DATASET SECTION ::

☆ ☆ ☆ ☆ ☆

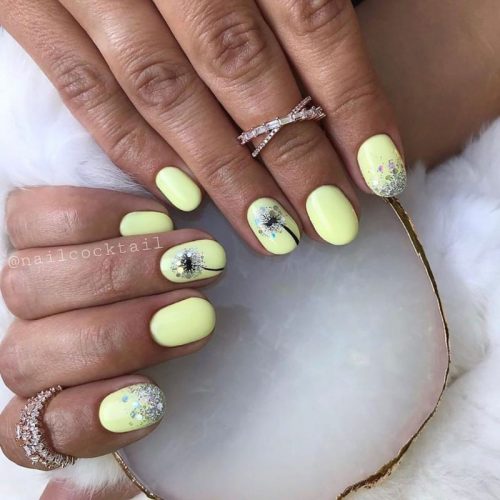 Diamond Nails gél lakk 7 ml No.DN016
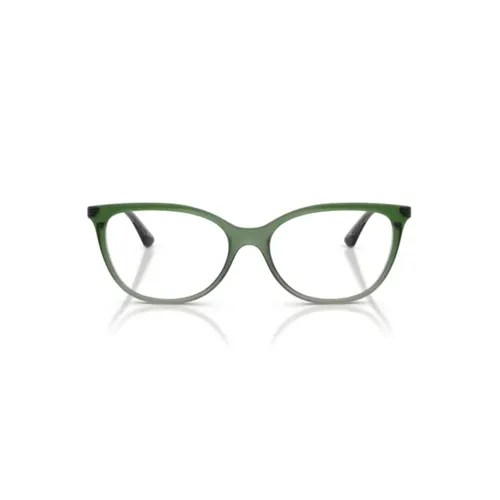 Accessories > Glasses - - Vogue - Modalova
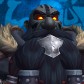 Drazzi avatar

☆ ☆ ☆ ☆ ☆

TASK DETAILS :: Restate the data above word for word. Do not include the images.

ANSWER SPACE ::
 Diamond Nails gél lakk 7 ml No.DN016
 Accessories > Glasses - - Vogue - Modalova
 Drazzi avatar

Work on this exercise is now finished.